Mes vrais enfants

Dernier rejeton de la britannique Jo Walton « Mes vrais enfants« , roman limpide, réinterprète le XXème siècle féministe à travers une double fresque humaine. Deux vies d’une même femme, déterminées par un choix, point de départ de deux voies diamétralement opposées.

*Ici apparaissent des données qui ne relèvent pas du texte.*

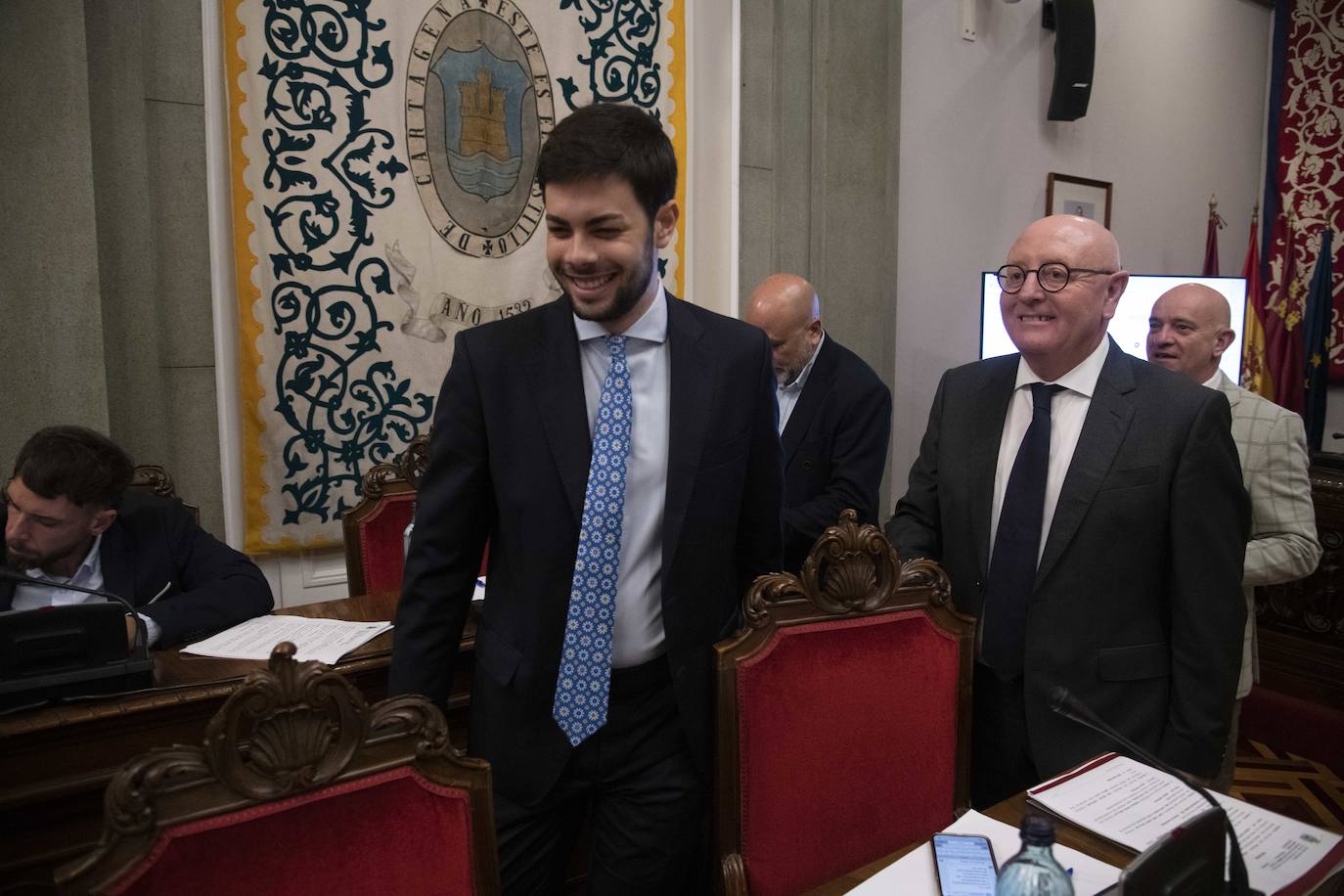 El Pleno Municipal del Ayuntamiento de Cartagena, en imágenes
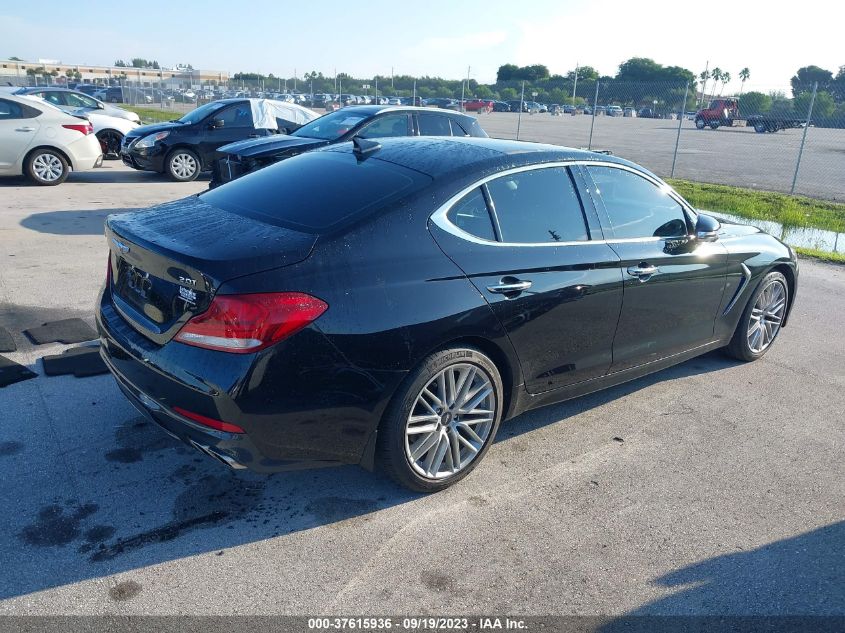 2020 GENESIS G70 ELITE - KMTG34LA1LU062779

Les péripéties d’une féministe, professeur de littérature, la saga d’une mère de famille, d’une battante, dans l’Angleterre de l’après-guerre engendrent un roman resplendissant et passionnant.


VraisEnfants
Denoël, lunes d’encre, 2017

Dans la chambre de sa maison de retraite Patricia Cowan dépérit, sa santé défaillante, et surtout sa mémoire capricieuse la minent. Ce ne sont pas les souvenirs de sa jeunesse, de sa mère ou de ses études qui posent problème, mais l’époque de ses maternités et de son couple : en fait tout le reste de sa vie. Ces souvenirs capricieux se dédoublent, laissant spéculer sur sa sénilité. Ils lui reviennent au gré de deux scénarios: tantôt elle a trois enfants tantôt quatre. Tantôt son mari Mark est le père de ses enfants; tantôt elle les a faits avec la complicité de son amante Bee.

En reprenant le fil de son histoire, on découvre que Patricia a deux destins, qu’à peine ses études à Oxford terminées, la jeune femme, s’est vue confronté au plus difficile choix de sa vie: épouser en urgence Mark ou rompre ses fiançailles. Choix inexorable et définitif.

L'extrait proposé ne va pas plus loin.